Reward Models Inherit Value Biases from Pretraining

Reward models (RMs) are central to aligning large language models (LLMs) with human values but have received less attention than pre-trained and post-trained LLMs themselves. Because RMs are initialized from LLMs, they inherit representations that shape their behavior, but the nature and extent of this influence remain understudied. In a comprehensive study of 10 leading open-weight RMs using validated psycholinguistic corpora, we show that RMs exhibit significant differences along multiple dimensions of human value as a function of their base model. Using the "Big Two" psychological axes, we show a robust preference of Llama RMs for "agency" and a corresponding robust preference of Gemma RMs for "communion." This phenomenon holds even when the preference data and finetuning process are identical, and we trace it back to the logits of the respective instruction-tuned and pre-trained models. These log-probability differences themselves can be formulated as an implicit RM; we derive usable implicit reward scores and show that they exhibit the very same agency/communion difference. We run experiments training RMs with ablations for preference data source and quantity, which demonstrate that this effect is not only repeatable but surprisingly durable. Despite RMs being designed to represent human preferences, our evidence shows that their outputs are influenced by the pretrained LLMs on which they are based. This work underscores the importance of safety and alignment efforts at the pretraining stage, and makes clear that open-source developers' choice of base model is as much a consideration of values as of performance.

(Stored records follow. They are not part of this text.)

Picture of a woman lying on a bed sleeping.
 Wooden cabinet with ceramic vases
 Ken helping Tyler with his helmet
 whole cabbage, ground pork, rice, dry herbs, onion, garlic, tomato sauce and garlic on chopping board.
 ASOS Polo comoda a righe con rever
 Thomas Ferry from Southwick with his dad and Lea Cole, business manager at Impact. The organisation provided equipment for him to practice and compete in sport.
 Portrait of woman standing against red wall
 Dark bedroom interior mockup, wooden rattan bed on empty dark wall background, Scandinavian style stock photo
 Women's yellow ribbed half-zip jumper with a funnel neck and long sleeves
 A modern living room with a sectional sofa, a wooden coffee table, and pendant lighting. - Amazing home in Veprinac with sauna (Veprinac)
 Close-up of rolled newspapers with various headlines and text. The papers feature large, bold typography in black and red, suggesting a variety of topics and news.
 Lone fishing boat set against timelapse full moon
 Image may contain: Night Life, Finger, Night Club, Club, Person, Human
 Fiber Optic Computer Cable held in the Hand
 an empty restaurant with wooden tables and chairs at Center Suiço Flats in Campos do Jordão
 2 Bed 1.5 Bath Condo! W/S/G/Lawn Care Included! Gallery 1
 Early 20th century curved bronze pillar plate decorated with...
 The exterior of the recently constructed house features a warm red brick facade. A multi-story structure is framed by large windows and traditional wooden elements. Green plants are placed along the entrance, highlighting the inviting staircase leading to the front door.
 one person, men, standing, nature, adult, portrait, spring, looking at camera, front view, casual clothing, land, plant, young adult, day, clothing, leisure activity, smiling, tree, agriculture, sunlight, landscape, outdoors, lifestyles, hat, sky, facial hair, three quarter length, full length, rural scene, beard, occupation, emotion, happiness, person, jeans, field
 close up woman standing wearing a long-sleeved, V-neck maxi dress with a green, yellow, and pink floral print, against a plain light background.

翻译：奖励模型（RMs）是将大语言模型（LLMs）与人类价值观对齐的核心，但其受到的关注度低于预训练及后训练的LLMs本身。由于RMs初始化为LLMs，它们继承了塑造其行为的表征，但这种影响的性质与程度仍未得到充分研究。通过使用经过验证的心理语言学语料库对10个领先的开源权重RMs进行综合研究，我们发现RMs在人类价值的多个维度上表现出显著差异，且差异取决于其基础模型。利用"大二"心理轴，我们展示了Llama系列RMs对"能动性"的强烈偏好，以及Gemma系列RMs对"共融性"的相应强烈偏好。即使偏好数据与微调过程完全相同，此现象依然存在；我们将其追溯至各自经过指令微调与预训练模型的logits。这些对数概率差异本身可被表述为一个隐式RM；我们推导出可用的隐式奖励分数，并证明其表现出完全相同的能动性/共融性差异。我们进行了针对偏好数据来源与数量的消融实验来训练RMs，结果表明该效应不仅可重复，且具有惊人的持久性。尽管RMs旨在代表人类偏好，但我们的证据显示其输出受到所基于的预训练LLMs的影响。这项工作强调了预训练阶段安全与对齐工作的重要性，并明确指出开源开发者选择基础模型时，价值观考量与性能考量同等重要。